ACTION ITEM:
Quote the lines of the data below verbatim, beginning at the line that contains "Ninja der Liebe: Niedlich" and ending at the last line, both included, and excluding pictures.

☆ ☆ ☆ ☆ ☆ ☆ ☆

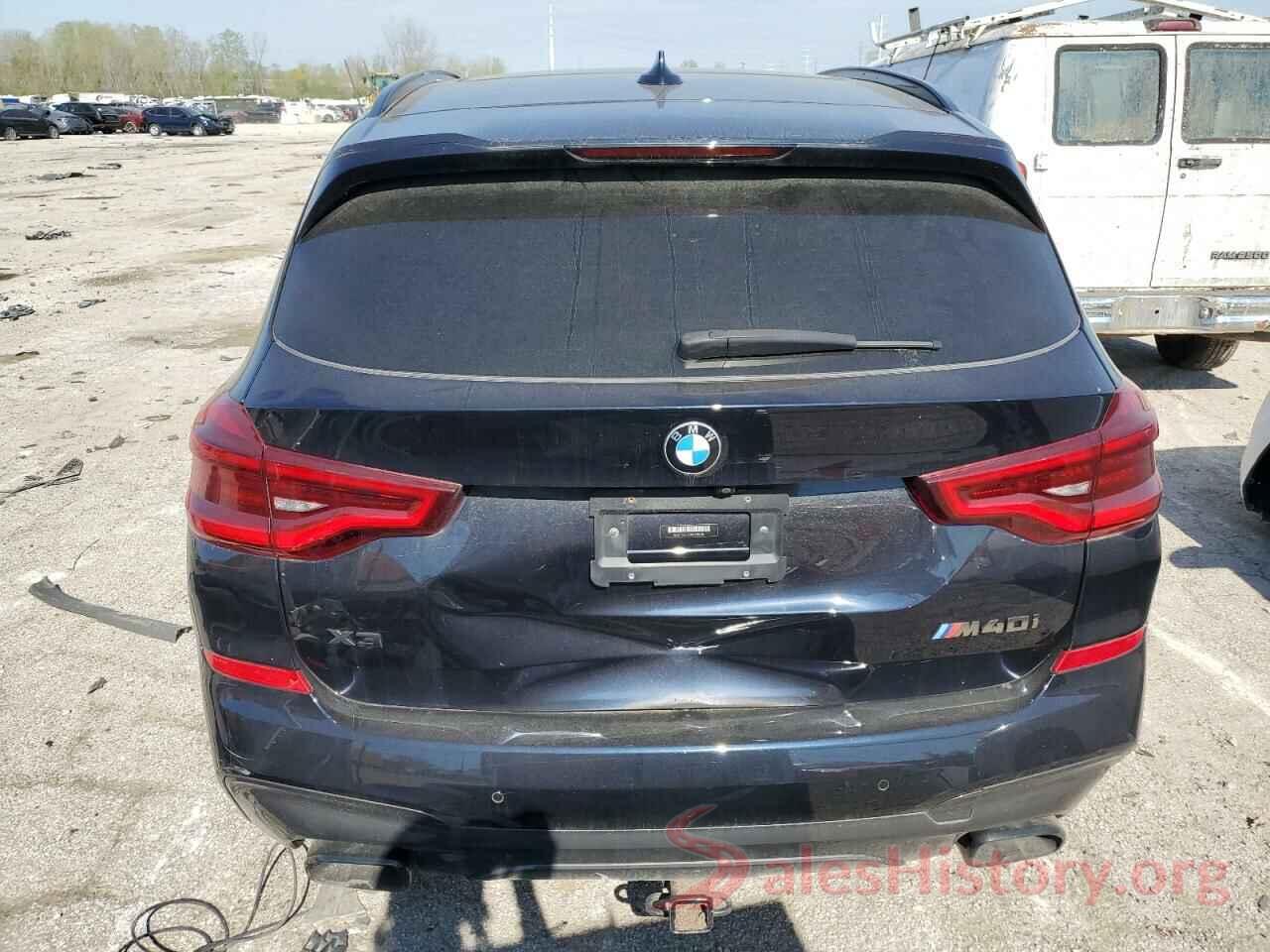 5UXTS3C52K0Z08208 2019 BMW X3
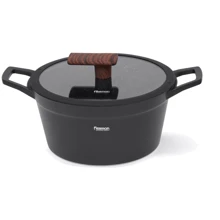 Кастрюля Fissman FILOMENA 24x12 см, 3.9 л (14531): Тип Традиционная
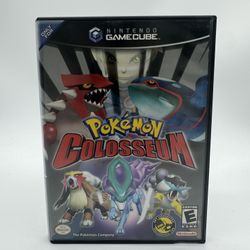 Pokemon Colosseum Black Label (Nintendo Gamecube 2004) Tested Works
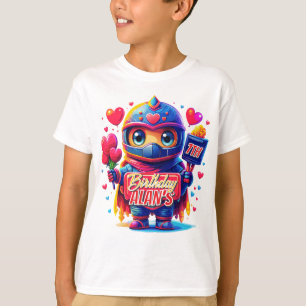 Ninja der Liebe: Niedlich und romanisch! Sonderges T-Shirt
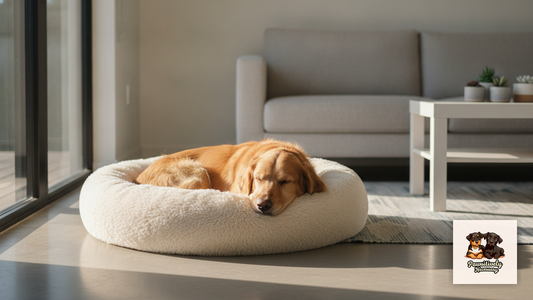Sweet Dreams and Safe Spaces: Why the Right Bed or Crate Makes All the Difference for Your Dog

☆ ☆ ☆ ☆ ☆ ☆ ☆

RESULT OF THIS TASK:
 Ninja der Liebe: Niedlich und romanisch! Sonderges T-Shirt
Sweet Dreams and Safe Spaces: Why the Right Bed or Crate Makes All the Difference for Your Dog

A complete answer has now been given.